◆ DATASET EXTRACT ◆
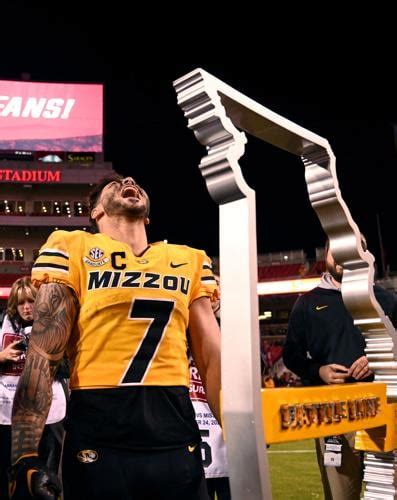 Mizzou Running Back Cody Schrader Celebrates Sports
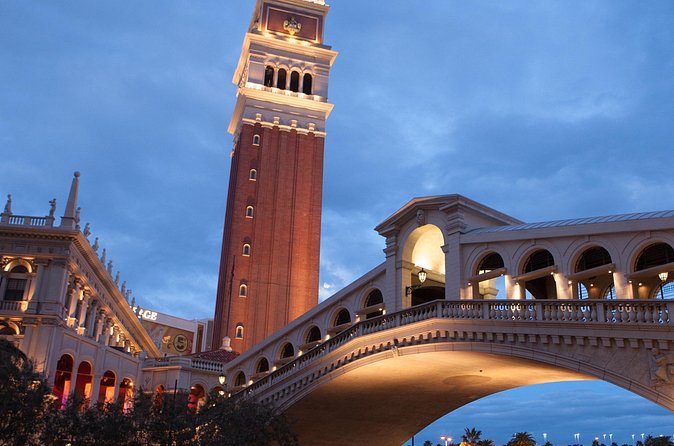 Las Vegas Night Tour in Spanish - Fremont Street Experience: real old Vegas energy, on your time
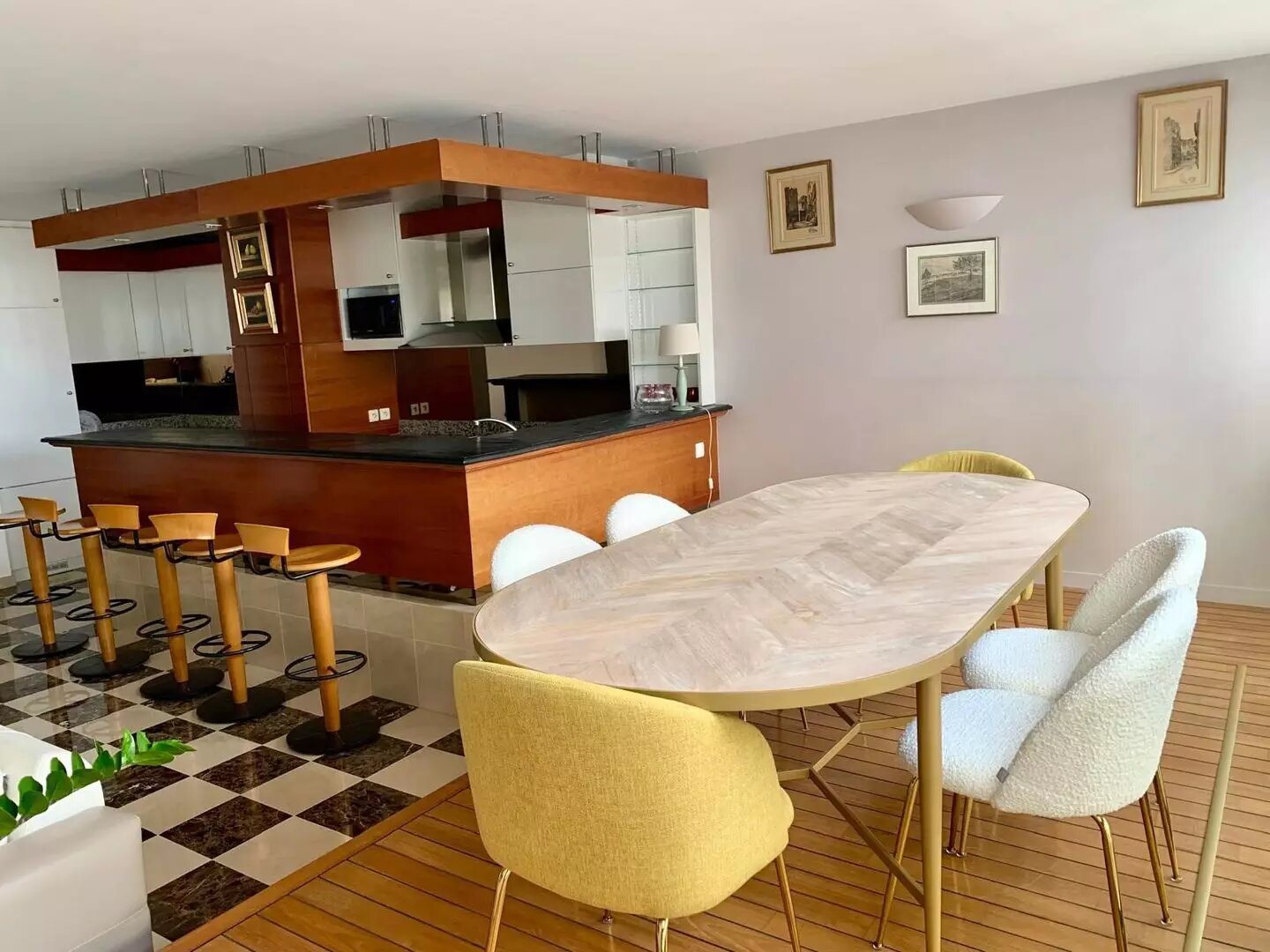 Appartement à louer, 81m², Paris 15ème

◆ THE TASK ◆
Pictures are to be dropped, and the lines from the line with "Las Vegas Night" through the end of the material above are to be reproduced exactly.

◆ REPLY ◆
 Las Vegas Night Tour in Spanish - Fremont Street Experience: real old Vegas energy, on your time
 Appartement à louer, 81m², Paris 15ème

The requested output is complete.